Bingo! Hi Ho that seems to have solved the issue... now vaping it on 10,5 watts! I never use that much power on commercial tanks? That's solved the vapour production issue but I think the flavour is better at 8 watts... will play some more... OK so the coils need a bit more power to get operational it would seem?


----------



## PeterHarris (8/6/14)

been hitting the aero mega since i got it, im very happy with it, but its not the tank, its the coil, i slapped a new coil into my standard aero tank ans for me they vape the same.... maybe the mega has a slightly looser pull on max, but thats about it.....


----------



## Rob Fisher (8/6/14)

Yes you need to press the fire button and hold it on while you take 3-4 puffs to get the full vapour production and flavour. The coils it seems need power.


----------



## Silver (8/6/14)

Rob Fisher said:


> Bingo! Hi Ho that seems to have solved the issue... now vaping it on 10,5 watts! I never use that much power on commercial tanks? That's solved the vapour production issue but I think the flavour is better at 8 watts... will play some more... OK so the coils need a bit more power to get operational it would seem?



I suspect that the dual coils may need a bit more energy to get going.


----------



## Rob Fisher (8/6/14)

Silver said:


> I suspect that the dual coils may need a bit more energy to get going.



I don't have the same problem with the Nautilus?


----------



## Silverbear (8/6/14)

@Rob Fisher , The Mega has become my ADV, I am getting great VTF from my mega, I am finding I getting better VTF from the mega than my Nautilus. Had some concerns about the coils giving me burnt taste with some juices, but realized that if I turn the watts down for those juices then it is perfect. The capacity is perfect, I am getting more than a day of vaping out of my mega's. I love the look of the mega in both glass and SS tank.

I will say that I have become a fan boy of the Kanger Aero Tank Mega. IMO I don't find the filling any more of an issue than the original aero tank, so happy there.
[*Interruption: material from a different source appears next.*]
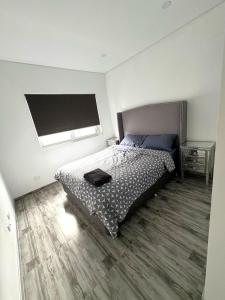 a bedroom with a bed and a window at Cute Amazing Palace in Guildford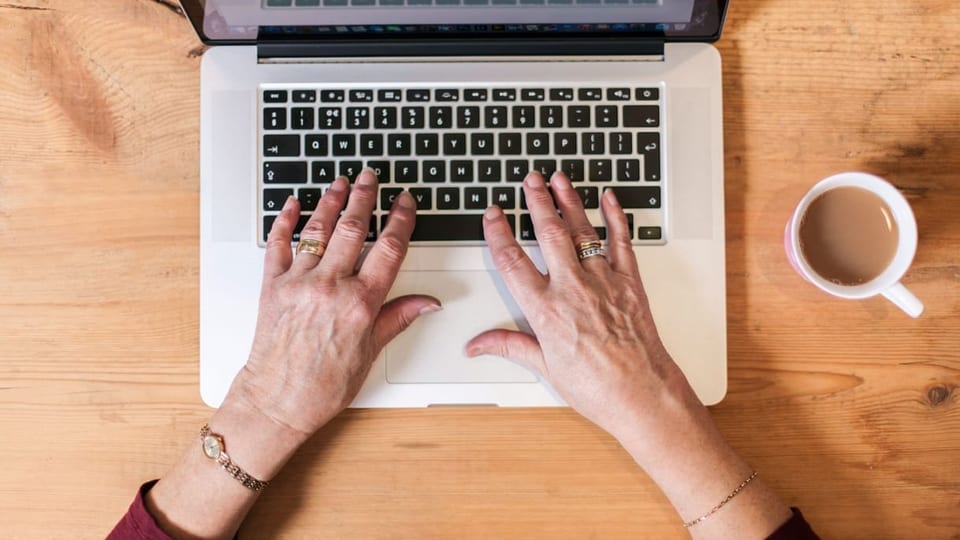 Ältere Frauenhände an einer Laptop-Tastatur.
My only gripe about the Aero Tank Mega is the AFC can be bit lose and will lose it's setting, but a quick and easy adjustment and I am vaping happy.

As for firing and needing to give it a couple of primer pulls to get good vapor, can not say I have experienced that problem, and that may be down to my vapeing style, I double clutch my vape, first short drag and exhale through nose while then taking longer fuller drag which I then exhale through mouth.

Have not got a mini yet, but have got plans to get myself a mini or two to go with the spinner as as my back up device for the day or when I only need some thing smaller.

The mega looks awesome on most devices especially the SVD.

Reactions: Like 1


----------



## Rob Fisher (8/6/14)

Wayne said:


> @Rob Fisher , The Mega has become my ADV, I am getting great VTF from my mega, I am finding I getting better VTF from the mega than my Nautilus. Had some concerns about the coils giving me burnt taste with some juices, but realized that if I turn the watts down for those juices then it is perfect. The capacity is perfect, I am getting more than a day of vaping out of my mega's. I love the look of the mega in both glass and SS tank.
> 
> I will say that I have become a fan boy of the Kanger Aero Tank Mega. IMO I don't find the filling any more of an issue than the original aero tank, so happy there. My only gripe about the Aero Tank Mega is the AFC can be bit lose and will lose it's setting, but a quick and easy adjustment and I am vaping happy.
> 
> ...



I guess the Double Clutch gets it going... and it does shine after giving it a kick start! I'm with you on the AFC being too loose!

I will have the Mini on Tuesday and will give it a whirl on the Spinner 2 when it arrives!

I have no hesitation in recommending the Aerotanks (and did just that for my mate in London because the Nautilus was out of stock)... I'm a bit of a juice hog so I prefer the Nautilus because it holds 5ml but the Aerotank looks so kewl... I would say it's a tie and down to personal preference. I do have some new coils that arrived yesterday and I need to see if they make a difference.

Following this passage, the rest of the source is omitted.